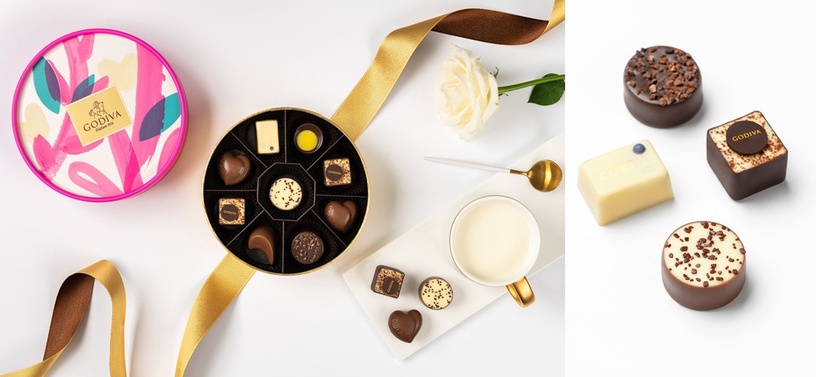 2021七夕情人節巧克力禮盒推薦!GODIVA 七夕限定新口味、Cona's 跳跳糖巧克力超新穎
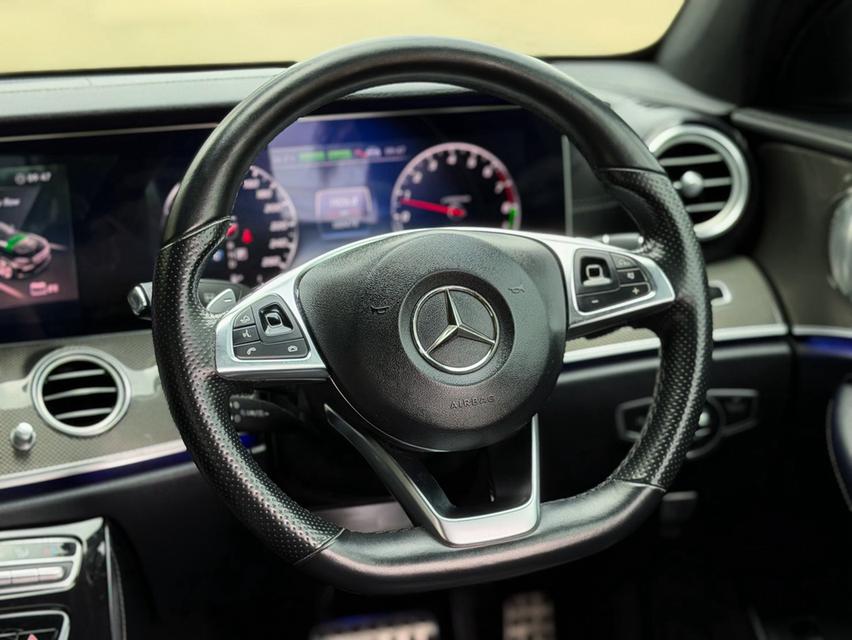 ⏰ Benz E350e 2.0 AMG Dynamic W213 ปี 2018 รุ่น Top หลังคาแก้ว เจ้าของเดียว รูปที่ 9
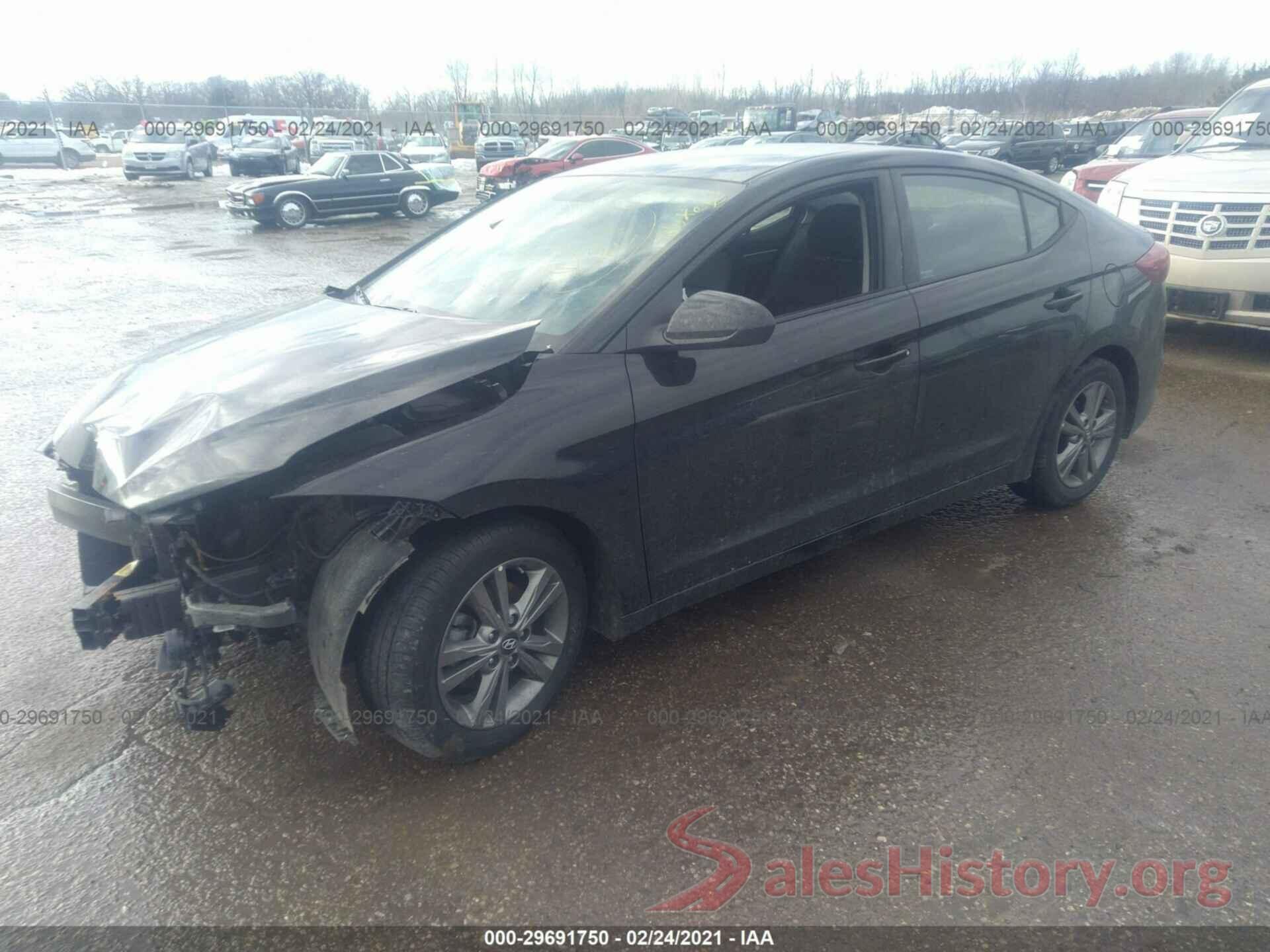 5NPD84LF3JH216804 2018 HYUNDAI ELANTRA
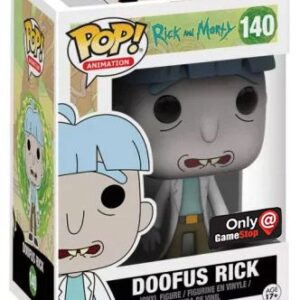 Rick Sanchez Doofus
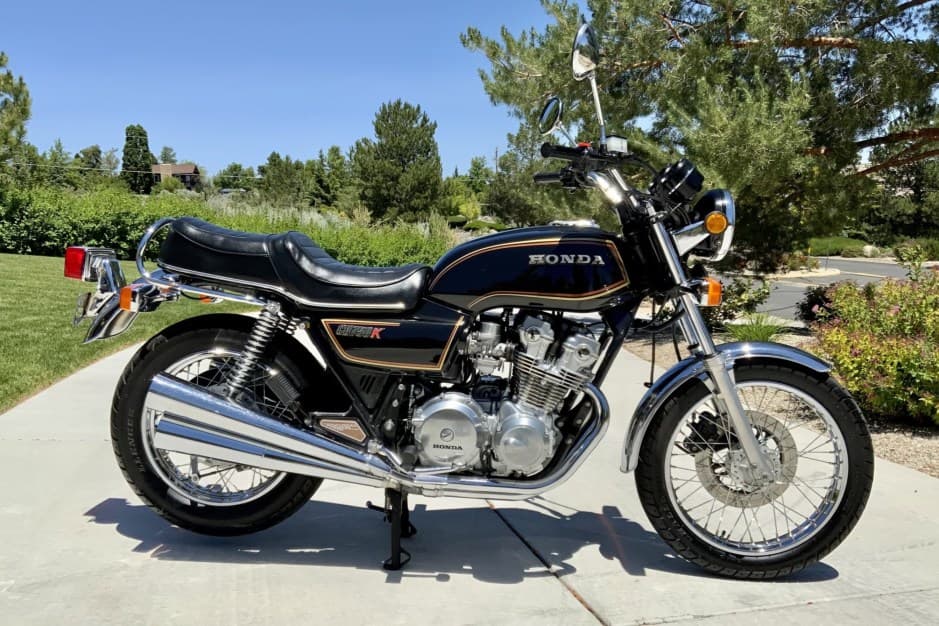 1981 Honda CB750 & CB750A sold for $4,600
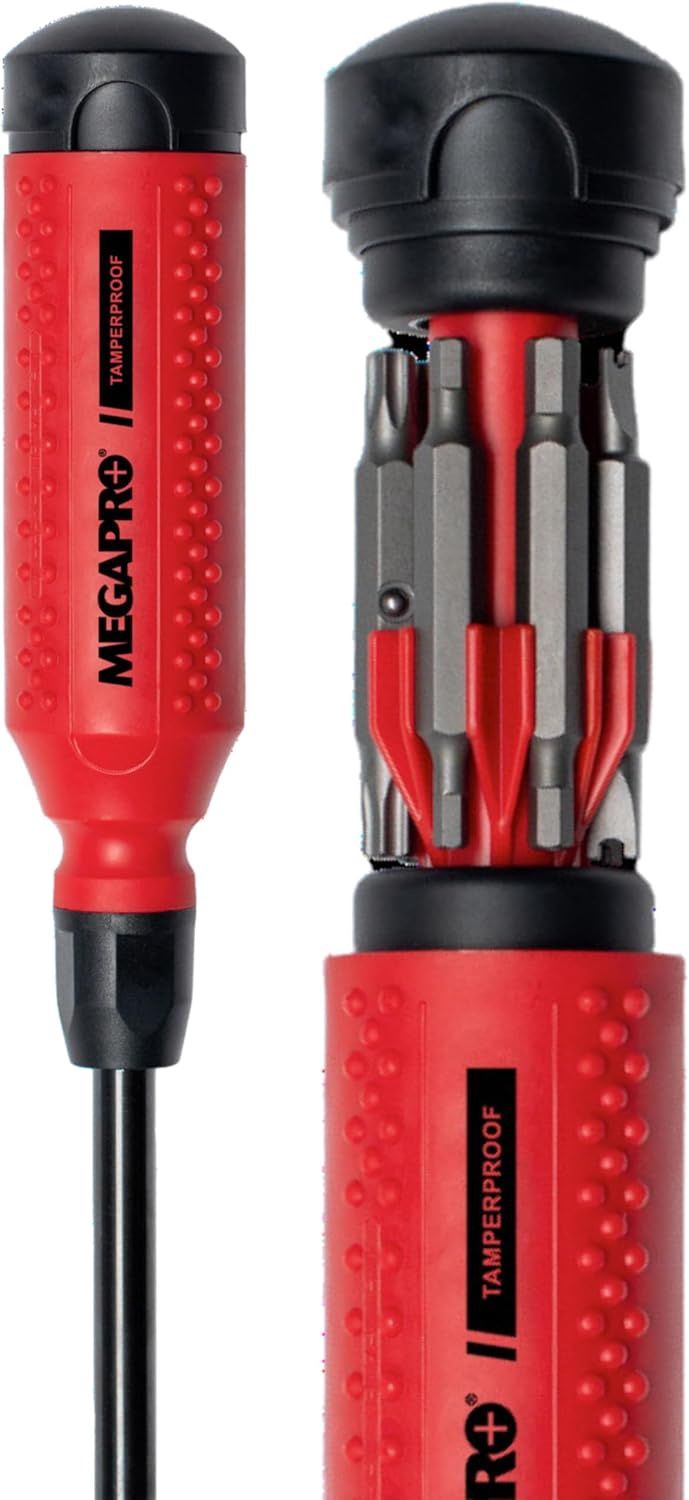 501215 Screwdriver MegaPro Tamperproof 151TP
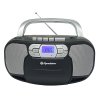 Roadstar RCR-4635UMPBK Radiomagnetofon s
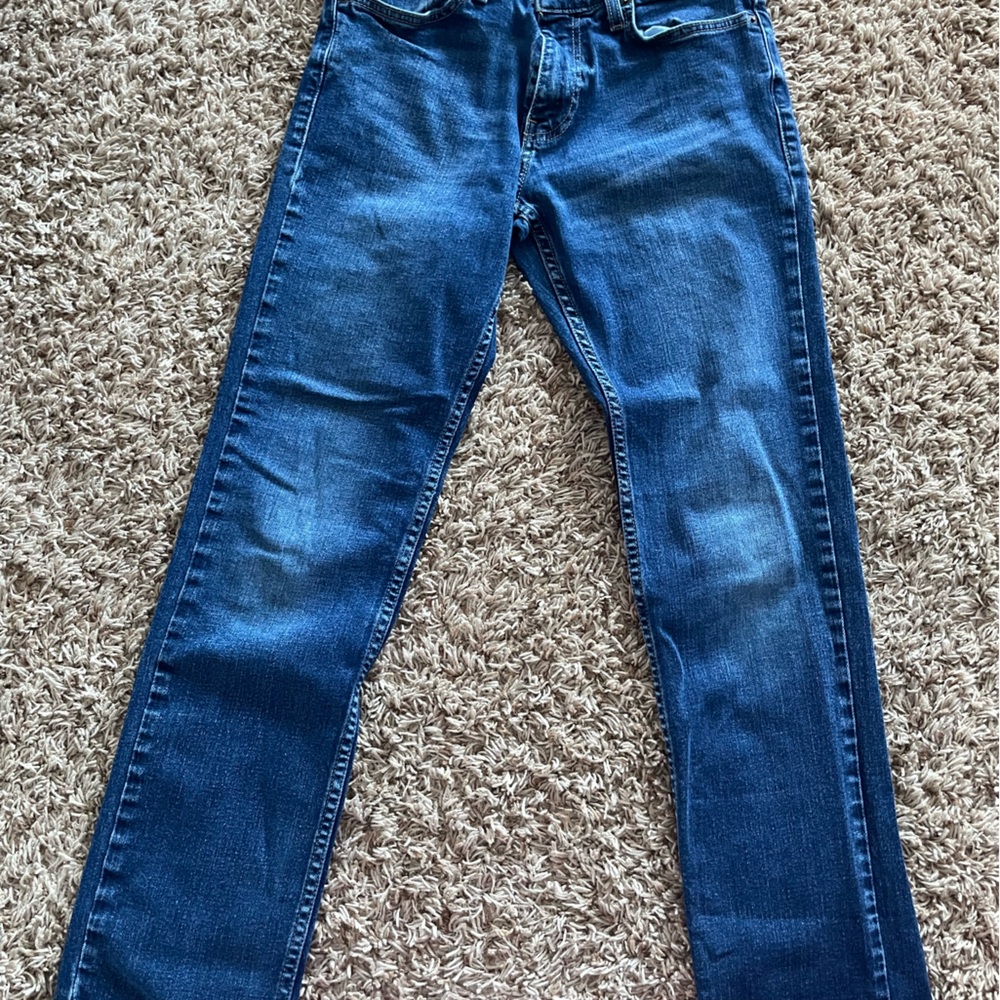 Men’s Hollister slim straight jeans size 29x32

──────────

■ **PROBLEM REQUIREMENTS**
Repeat all the records exactly, images excluded.

■ **TASK ANSWER**
 2021七夕情人節巧克力禮盒推薦!GODIVA 七夕限定新口味、Cona's 跳跳糖巧克力超新穎
 ⏰ Benz E350e 2.0 AMG Dynamic W213 ปี 2018 รุ่น Top หลังคาแก้ว เจ้าของเดียว รูปที่ 9
 5NPD84LF3JH216804 2018 HYUNDAI ELANTRA
 Rick Sanchez Doofus
 1981 Honda CB750 & CB750A sold for $4,600
 501215 Screwdriver MegaPro Tamperproof 151TP
 Roadstar RCR-4635UMPBK Radiomagnetofon s
 Men’s Hollister slim straight jeans size 29x32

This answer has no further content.